Yuval Levin, in his new book A Time to Build, writes about the crucial role the institutions of civil society play in molding Americans into productive participants in a self-governing republic. He reminds us that we are not radical individuals, but dependent from our earliest days upon family, civic groups, and other guiding institutions that shape our life, liberty, and identity. Alas, private institutions—ranging from universities to religion to professions—are now fading in their ability to reinforce individuals in constructive ways, and have lost the trust of the American people.
Levin’s definition of “institution” is broad, ranging from politics to professions to universities to social media to family to religions. He gives a compelling critique of these institutions, arguing their purpose is no longer formative but performative. They were once molds of their members’ personal character; now they are platforms for their leaders’ personal brands.
Levin’s chapter on meritocracy is a must-read. Brilliant, incisive, counter-intuitive, it highlights a consequence of our relentless focus on academic achievement: students at elite institutions have a powerful feeling of entitlement due to their academic success. That sense undermines institutions by encouraging leadership behavior that puts celebrity ahead of mission.
Levin is not simply a chronicler of decline. In the latter part of his book he calls on us to recommit to our institutions. It has taken centuries to build them, and they have done much good. Do we really think our society would be better off if we simply burned them to the ground? Levin lays out potential paths to renewal, particularly focusing on how elites can exercise authority more effectively within our institutions.
A Time to Build is what one has come to expect from Levin: a well-written, occasionally provocative, always thoughtful narrative told from the perspective of a traditional conservative commentator who has spent his career writing for and speaking with the political class in Washington, D.C. That perspective, however, is also the weakness of his book.
We are in the midst of a great political realignment such as occurs only every hundred years or so in America. When such a realignment occurs, institutions necessarily go through a process of creative destruction. Some are humbled or die. New ones arise from nothing to better serve societal needs.
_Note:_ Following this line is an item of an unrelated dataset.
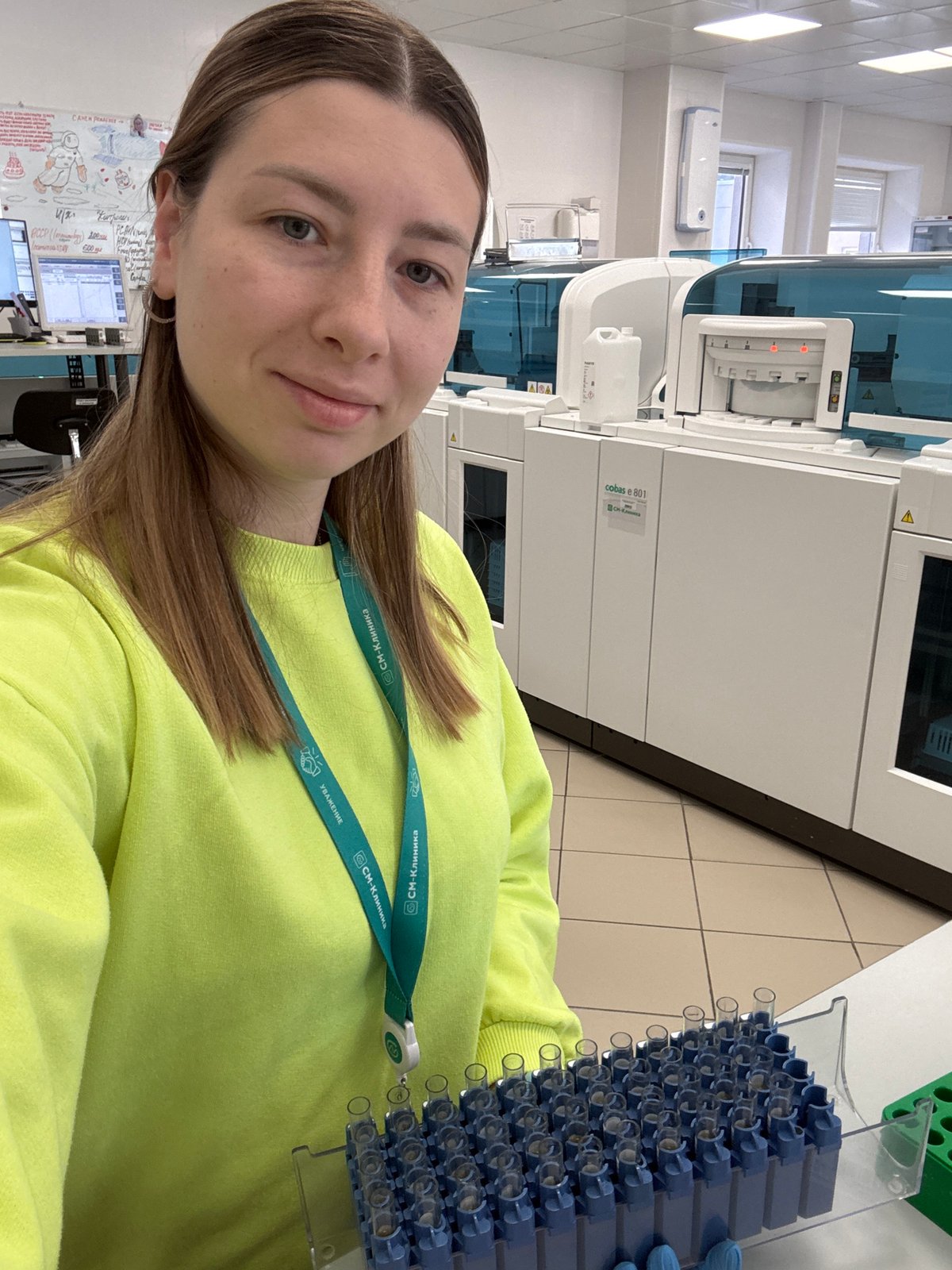 Woman takes selfie in Moscow medical laboratory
This creative destruction is clearly visible in our current realignment, the Populist Reformation. Levin is deeply critical of today’s populist backlash against institutions. He calls this rebellion “fundamentally antinomian, mistrustful of authority, and cynical.”
That exposes Levin’s deep misunderstanding of today’s populism. It is not antinomian, it just wants laws to be made by legislatures, not executives, judges, or (worst of all) unaccountable bureaucrats. It is not mistrustful of all authority, just those authorities that have made themselves unaccountable to the very laws and bylaws they wield against others.
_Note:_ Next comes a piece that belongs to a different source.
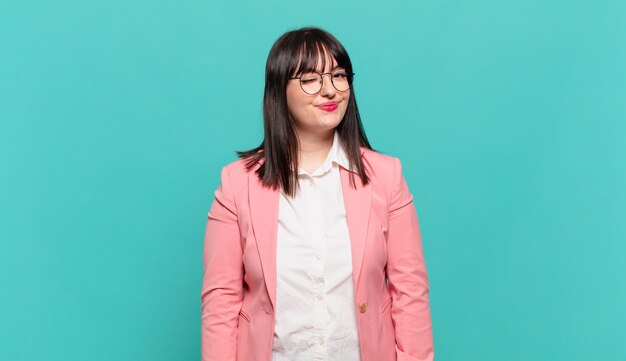 Mujer de negocios joven que se ve feliz y amigable, sonriendo y guiñando un ojo con una actitud positiva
And it is not fundamentally cynical, just distrustful of elites with overgrown senses of entitlement and superiority.
Levin also misunderstands the culture war to which he frequently refers. He views the culture war as an epic struggle between partisans of the Left and Right that has knocked valuable institutions off the rails. Journalism, politics, academia, professional societies, religions: these institutions and others have been “deformed…into the contours of the broader culture war” to their detriment, and ours.
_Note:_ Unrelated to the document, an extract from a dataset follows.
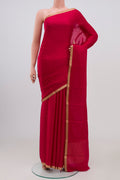 Pink Crepe Saree with Jacquard design on the body and Zari Border.  displayed on a mannequin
But institutions are not innocent bystanders in this war. They are the warriors. It is political parties, the media, corporations, and universities that have created, expanded, and sustained the culture war against tradition, evolved practice, received wisdom, and common sense. Today’s culture war is less a struggle between Left and Right than a war of Top against Bottom.
The last century saw a dramatic centralization of power in the United States. In 1910, 60 percent of government spending was local; a hundred years later that had fallen to 25 percent. The federal share of government spending doubled from 30 to 60 percent. Elites also centralized and homogenized businesses, nonprofits, religious groups, civic organizations, and other entities that previously had encapsulated a broad range of practices and points of view, and deep everyday experience.
Think small and local, and build fresh institutions that better address the problems bedeviling the middle of our society, rather than the luxury causes of our ruling classes.It is this centralization of power and its intolerance for multiple narratives that is the driver of today’s extreme polarization. Centralization turns every conflict into a winner-take-all death match. Instead of allowing live-and-let- live variety across a wide ecosystem of values and practice, every conflict requires all participants to pick a side: you’re with me or against me. Compromise becomes untenable, and we are left with a combination of gridlocked politics and frenzied Twitter mobs.Neither political party can resist the temptations of power. Examples abound of both Left and Right imposing their will on local communities and dissident viewpoints. Experience shows that everyone’s in favor of local control until they’re in control.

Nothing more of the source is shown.